In the case of Nottingham, an almost identically sized city as Malmö, its current problems are acute and illustrative of wider failings in urban development. Nottingham is a big economy – generating by far the largest amount of per capita wealth in the East Midlands. Yet it has the lowest household income of any UK town or city.
If anything portrays the parlous state of late capitalism, this is it: a city that generates huge amounts of cash money – almost £9 billion a year – and yet very little of it goes to the people who actually live there. Nottingham has the youngest population of any large UK city, yet also has the lowest proportion of graduates who choose to remain after finishing their studies. It has one of the lowest proportions of school pupils who progress onwards to higher education and, like many other cities across the UK, US and Europe, has more than its fair share of precarious ‘bullshit’ jobs, leading to lower than average wages and understandably dampened aspirations amongst young people.
Photo: Simon Bernacki
There are many, good (great) things about this city. And skateboarding is surely one of them. A walk from Forty Two skateshop through Hockley and the Lace Market into Sneinton will take you past bars, coffee shops, Montana streetwear and graffiti supplies, Mim clothing, Broadway arts cinema, and into a thicket of DIY rehearsal spaces, studios and gig venues like JT Soar and Stuck on a Name. The sound of Nottingham’s skate scene has long rung far beyond its borders, with The Malibu Dog Bowl and the Hyson Green Bowls in the 1970s and 80s, to Kareem Campbell, Danny Way, Dill and Gino showing up at Old Market Square and Broadmarsh Banks in the 90s, and now the thriving community at Sneinton Market and the Nottingham DIY skate scene today.
Sneinton life.
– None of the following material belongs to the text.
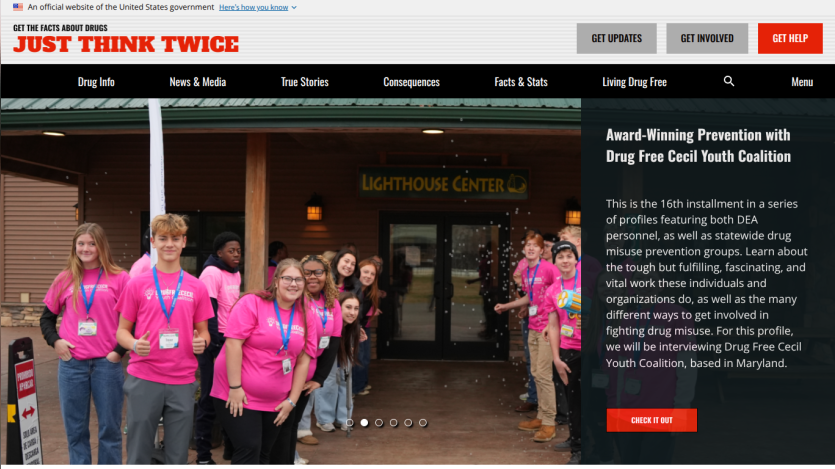 Homepage featuring a group in pink shirts promoting a drug-free coalition event.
Photo: Michael McHugh
To link these assets and help address the challenges above, we did four things with our Big Lottery grant. We brought a bunch of boards and helmets, all from independent, UK-based companies (“Hi” to Landscape, Isle, Drawing Boards and Death) that would appeal to different tastes but were consistent with the values we wanted to support – and engaged beginners from the very start with deep skate culture and beautiful graphics, rather than retaining learners in an arbitrary quarantine in which only cheesy learner set-ups are good enough. Skateboarding is cool as hell, and everyone is cool enough to skateboard.
Myke Trowbridge – no comply, Sneinton Market. Photo: Charleigh Evison
We invested in formal and informal training for skate coaches, not just so they could lead fun sessions safely, but so they are then equipped for careers in youth services or sport development – rather than the precarious, low pay warehousing and bar work so many skaters spend their 20s and 30s doing. We held back resource to run two terms worth of skate sessions, free to learners but where the coaches would all be paid at least the Living Wage – because their skills and time is valuable and it’s about time it was treated as such. And, as the cherry on top, we designed and delivered a workshop and exhibition that tried to build on the creative interests of young skateboarders, linking them to the development of specific, industry-relevant skills. This was inspired by the fact that, like many cities, Nottingham has a ‘creative quarter’ in which good jobs are concentrated, but jobs that only seem accessible to people with the right connections, qualifications and (often expensive) equipment. That Nottingham’s creative quarter is less than 5 minutes’ walk away from both Sneinton Market and one of the most deprived wards in the UK, St Ann’s, illustrates the invisible barriers that exist in most of our cities.